The Parliaments Project bring the established expertise of the Gilbert + Tobin Centre of Public Law to bear on parliament as a legal institution. Particular attention will be paid to the functions of parliament in: legislating and scrutinising legislation; and holding the executive to account.  The Project will consider the design of parliament and how that design relates to parliament’s performance of its day to day functions and operations.

We recognise the excellent work being done by colleagues in political science and other disciplines in this area – and we hope to engage thoughtfully with that work. An aim of this Project is to be genuinely inter-disciplinary while bringing a distinctive legal analysis to that ongoing discussion. To that end the Project will draw on any and all expertise with a view to improving the performance of parliament in the exercise of its public law functions.

The Project will seek to develop further terrain first explored by the G+T Centre Charter of Human Rights Project. It will also expand on research conducted by the ARC Laureate Fellowship: Anti-Terror Laws and the Democratic Challenge in collaboration with the Human Rights Centre, Durham which was funded by the British Academy – a detailed description of that research is available here.

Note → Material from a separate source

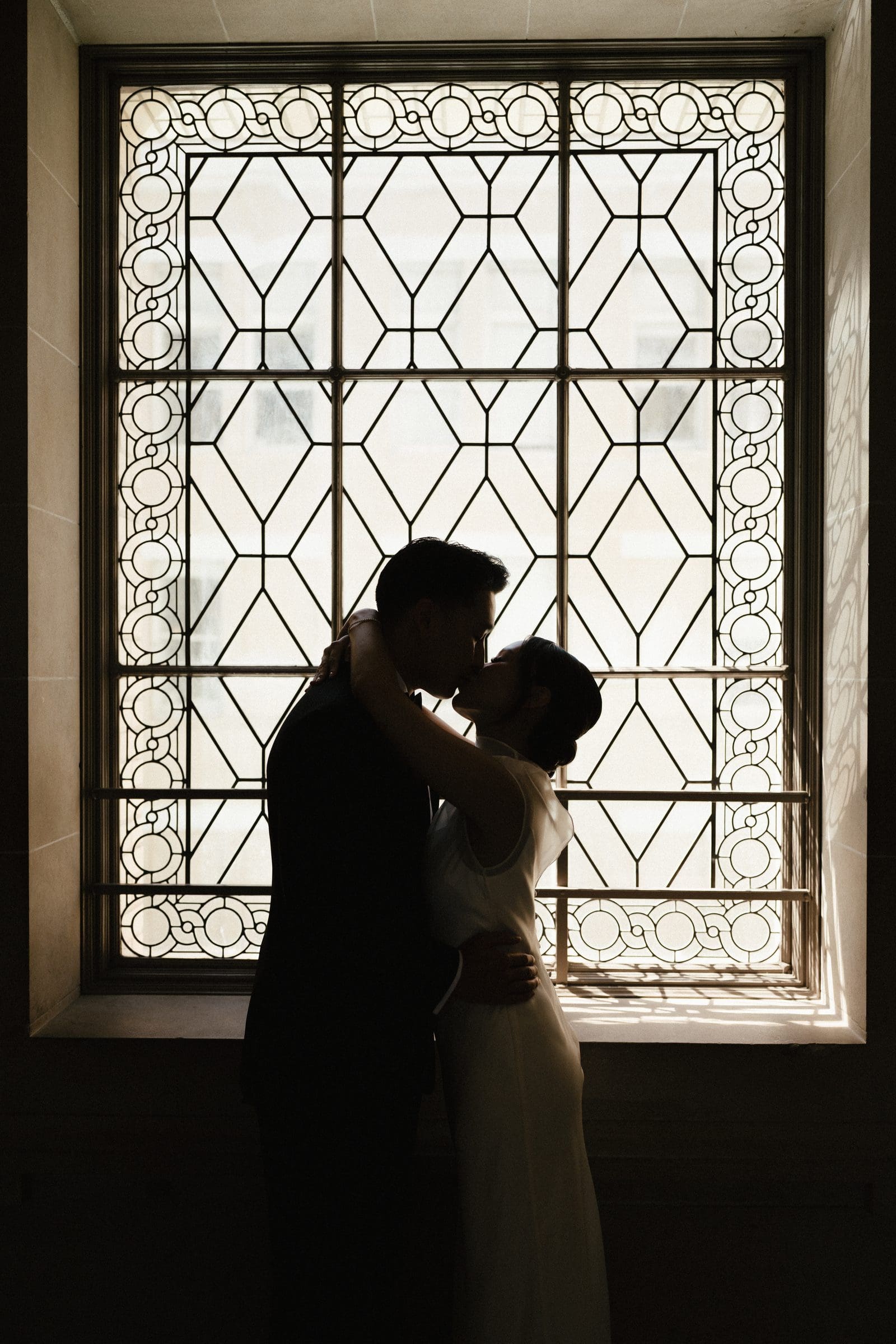 David and Michelle silhouetted against a City Hall window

In 2011 the Commonwealth adopted the Human Rights (Parliamentary Scrutiny) Act 2011 (Cth) which adopted a political rights review mechanism. Political rights review places parliament at the centre of the process of upholding human rights and therefore provides an excellent prism through which to examine the strengths and weaknesses of parliament in upholding a core purpose of public law. Furthermore, the model of rights protection adopted by the Commonwealth is somewhat unique internationally. There is, therefore, the potential to contrast the operation of this parliamentary scrutiny model with dialogic and other models of human rights protection in Australia and internationally.

In June 2014 the project convened a successful Workshop on Parliamentary Process and Party Discipline, held at NSW Parliament House The aim of the workshop was to explore the impact of strong political party discipline in Australia on a variety of parliamentary processes, in particular those providing for political rights review. The workshop started with a keynote lecture from Professor Philip Cowley of the University of Nottingham in the UK. Professor Cowley used his expertise on backbench rebellions at Westminster to demonstrate that dissent was now a regular feature of votes in the UK parliament, but that weak party discipline did not necessarily have a detrimental effect on the parliamentary process. The workshop participants then explored how the opposite feature in Australia – strong party discipline – has affected the way in which Australian parliaments perform their oversight functions.

Although political rights review provides an initial point of focus for the Project the Director and other members of the G+T Centre are keen to collaborate in further research on any legal aspect of the institution of parliament – including (though not restricted to) bicameralism, electoral reform and the selection and role of speakers.

This project concluded mid June 2016.